Try it - Check each line of the listing below for the string "with", and give only how many lines hold it.

* * *

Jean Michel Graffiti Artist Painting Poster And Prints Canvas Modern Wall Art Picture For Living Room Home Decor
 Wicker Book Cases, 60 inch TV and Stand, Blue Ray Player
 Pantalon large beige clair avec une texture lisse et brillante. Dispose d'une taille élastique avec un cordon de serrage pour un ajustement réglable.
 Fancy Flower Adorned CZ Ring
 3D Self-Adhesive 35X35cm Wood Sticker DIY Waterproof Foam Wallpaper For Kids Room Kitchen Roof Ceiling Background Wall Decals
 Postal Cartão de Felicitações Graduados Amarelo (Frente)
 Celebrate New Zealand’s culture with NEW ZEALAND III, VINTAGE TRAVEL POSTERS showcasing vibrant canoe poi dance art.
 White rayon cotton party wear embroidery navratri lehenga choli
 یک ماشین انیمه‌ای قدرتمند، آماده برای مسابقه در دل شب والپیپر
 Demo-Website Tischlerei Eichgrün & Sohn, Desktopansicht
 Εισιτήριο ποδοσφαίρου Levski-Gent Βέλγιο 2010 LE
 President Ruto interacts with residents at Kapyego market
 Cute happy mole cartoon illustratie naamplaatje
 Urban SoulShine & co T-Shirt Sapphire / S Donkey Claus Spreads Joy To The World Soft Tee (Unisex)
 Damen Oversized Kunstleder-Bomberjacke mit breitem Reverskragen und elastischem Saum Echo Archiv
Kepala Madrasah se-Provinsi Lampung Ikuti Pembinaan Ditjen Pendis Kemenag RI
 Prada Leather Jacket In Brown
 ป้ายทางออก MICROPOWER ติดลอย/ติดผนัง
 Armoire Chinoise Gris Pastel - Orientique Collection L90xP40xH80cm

* * *

Reply - 2